Once you’ve decided that you are going to start potty training, you will need to consider some other important factors. Before you begin, be sure that you have chosen a time in your family’s life that is as normal as possible…so maybe we’re waiting until 2021. This means don’t start potty training around the same time that your family or child is experiencing some sort of major change like moving, bringing home a new baby, going through a divorce, etc. Getting rid of diapers is enough for your little one to cope with!

Gradual potty training

When you have figured out a good time to start potty training, you will need to decide if you will introduce the potty gradually, or if you will dive in and eliminate diapers cold turkey with more of a bootcamp style, or 3-day method. Generally speaking, the Child-Directed approach leans more towards a gradual method of potty training because it will be paced by the child themselves. On the other hand, the 3-day/cold turkey methods lend themselves more towards a Parent-Directed approach. Remember to consider your child’s personality when choosing. If your child has any of the below traits, they will do best with a gradual introduction to the potty:

  • Stubborn
  • Resistant to change
  • Relies on routine and schedules
  • Independent
  • Strives to maintain control over things

In this case, take some time to get your child familiar with the concept of potty training with no pressure for a couple weeks before you remove diapers which will help them feel more comfortable with the upcoming change. Some ways to do this would be by:

  • Reading potty books
  • Watching potty videos
  • Performing standing diaper changes in the bathroom
  • Playing pretend with toys and dolls using the potty
  • Inviting them into the bathroom with you when you need to go
  • Incorporating one or more scheduled potty sits throughout the day
  • Counting down the days to no more diapers

As you notice your child becoming more comfortable and on board with the potty, then you can move to some diaper-free time to allow your child to become familiar with their body’s signals AND to experience some accidents! Accidents are actually great learning opportunities, and you can always try to turn an accident into a success by catching some pee or poop in the potty. This process will likely span a few weeks or more, but remember, potty training is not a race! So if it is what works best for your child, then run with it!

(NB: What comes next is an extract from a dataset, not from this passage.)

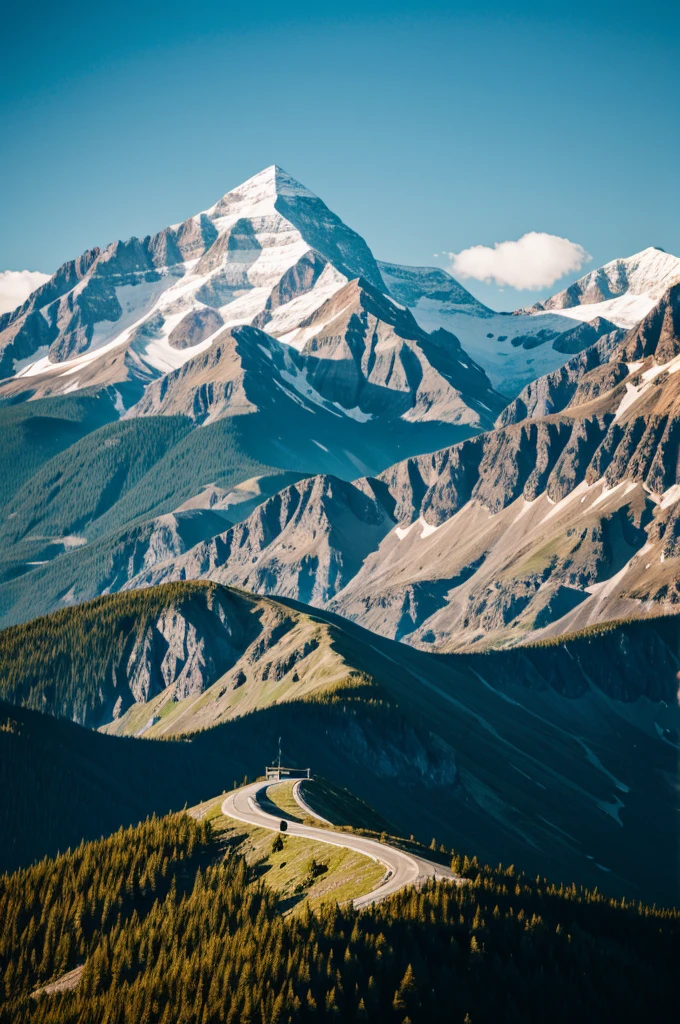 mountain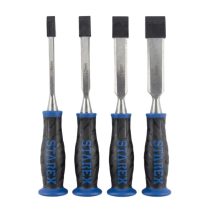  Starex Tools 4 részes Profi Favéső Készlet (6-24 mm) STF-01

Cold turkey/Three-day potty training

Alternatively, potty boot camp, or 3-day methods are super popular and effective if your child’s personality tends to be:

  • Laid back
  • Adaptable
  • Craving structure
  • Needing clear boundaries

These methods tend to forego all the “potty prep” and ditch the diapers cold turkey over the course of a one to three day period. Typically, parents will remove all diapers (except for sleep) and either move right to underwear, or have a period of bottomless time. This means not leaving the house at all during the training period. Most of these methods involve setting a timer and having the child sit on the potty every 20 to 30 minutes whether they need to go or not to encourage practice and get them comfortable with sitting on the potty. Rewards may or may not be used. Try to keep in mind that these first few days are mainly just to lay the groundwork. Your child will likely not be fully trained within a weekend, and that is perfectly okay!

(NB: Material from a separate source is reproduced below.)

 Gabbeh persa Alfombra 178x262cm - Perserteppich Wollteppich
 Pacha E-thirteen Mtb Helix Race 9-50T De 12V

No matter what method you choose, it is important to keep in mind that potty training is a marathon, not a sprint. It isn’t something that can be rushed, and it takes hard work to maintain and advance progress beyond the initial training period. The best thing you can do is stay consistent and make sure all your child’s caregivers are on the same page to avoid any mixed messages. Also, don’t forget to have confidence–in both your child and yourself! As Theodore Roosevelt said, “Believe you can and you’re halfway there.”